Yesterday I went to a seminar by Simon Wakeman, entitled: "The challenges of New Zealand companies in capturing value from innovation internationally."

Wakeman interviewed people at seventeen New Zealand manufacturing companies "that were founded in order to commercialise an innovation internationally." So, like the Castalia Report, it's not necessarily representative. That said, Wakeman spoke to CEOs, founders, or major investors, so at least he can say his white paper tells us what some manufacturers are thinking.

I picked up lots of useful ideas spending an hour with these high-priced lawyers (and drinking a couple of their beers, for which I am very grateful).

Probably the strongest light-bulb lit up when Wakeman told us some NZ companies don't distinguish between sales and marketing. He's right. Some don't. But the best bit was that Wakeman's comment made me think about people misusing the word "manufacturing."

For example, its not unusual to hear academics and bureaucrats telling Kiwi manufacturers they should "outsource their manufacturing." Of course they really mean we can sometimes benefit by strategically outsourcing certain fabrication and assembly processes. Only, they don't have the right words in their vocabulary. So they say "manufacturing" when they really mean something that happens to be a small part of what a manufacturer actually does.

The English language has words for all the various activities that make up a complete manufacturing operation. Technology Valley needs to help people understand this. They don't need to understand all the words. Better if they don't. Try explaining the difference between brazing, welding, and soldering, to a career bureaucrat. What we can do is to explain that manufacturing is the end to end process, which includes activities like R&D, innovation, marketing, assembly, fabrication (that's like when you cut out bits of fabric for a new jacket), and sew on.
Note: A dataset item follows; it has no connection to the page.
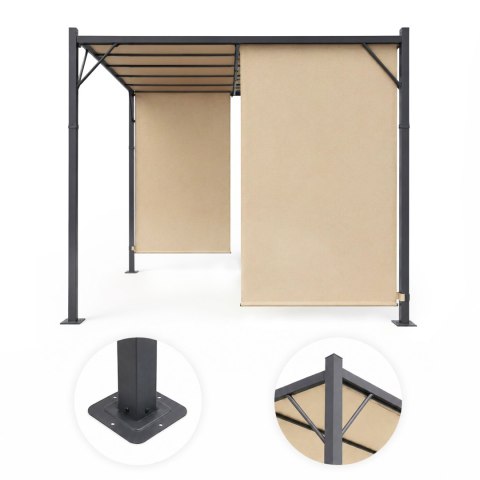 Pergola ogrodowa tarasowa 3x4 m stalowa altana zadaszenie beżowa MultiGarden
It's a bit like "sales" and "marketing". Selling's important, but it's only part of the process. Equally, fabrication, assembly, and testing are only small parts of the very complex business we call "manufacturing".

If we keep saying this to people in government and academia, then perhaps they might eventually catch on. It might take generations. But if we don't, they'll never get it. And if they don't get it, they'll keep putting up barriers that make it hard for Kiwi manufacturers to commercialise innovation. And then they'll keep sitting around, wondering why productivity in New Zealand is not growing as fast as it should.

Simon Wakeman's white paper has lots of other interesting information. It's well worth reading.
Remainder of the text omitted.